I think Henry Cloud hit the nail on the head the wrote the following in his book The Law of Happiness: How Spiritual Wisdom and Modern Science Can Change Your Life– “We are wired to experience happiness, but we keep hitting the wrong buttons in our efforts to turn our happiness on.” Simply put, humans are created and wired in such a way that when properly “turned on,” they get happier!
The good news is that the “wiring” is something we can get a grip on, and includes our physiology, psychology, emotions and spirit. The other news? We often don’t know where the buttons are. Instead of intelligently looking for them, we just keep pushing the wrong ones, hoping happiness will be a click away.
I’m not sure of the exact moment I first experienced the hedonic treadmill effect, but it was early on in life and I knew I didn’t like how it felt. Given society’s material bent coupled with our natural desire to always be wanting more, next, or new, just about everyone has experienced “Hedonic Treadmill fatigue” at some point in their life. What about you?
The real question is how do you get off that treadmill….and stay off?

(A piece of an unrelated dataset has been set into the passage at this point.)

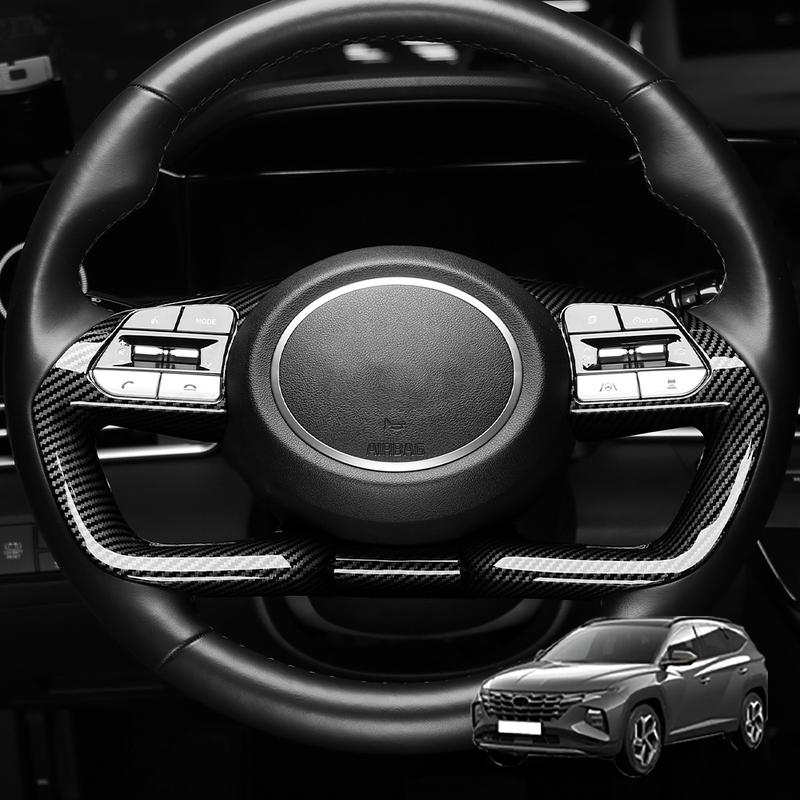 Car Carbon Fiber Steering Handle Frame Cover Interior Steering Wheel Button Panel Sticker For Hyundai Tuscon NX4   2024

More good news: there are plenty of powerful, evidenced-based practices and “hacks” to help you get off. Even better, once integrated into your life, these practices bring the very happiness and fulfillment most of us were looking to the treadmill for in the first place. The other news? Two things are required on your part: 1. shift your mindset and 2. you gotta go do something!
For the first four, I’ll go “old school” and look at what the ancients were saying back in the day (the Stoics, of all people):
- Ask “What’s the worst that could happen?”- It takes effort, but doing this helps you put things into perspective very quickly. Is what your experiencing really that bad? Most times not. Thinking about how it would be to lose the people and relationships you love most can dial you back to reality in a hurry. It also makes you more appreciative…and happier.
- Do “as if”- Be determined to work on your emotional fitness. When your negative emotions begin to dominate you (especially anger), think of how you want to be instead and start acting that way on the outside; often, the inside soon follows.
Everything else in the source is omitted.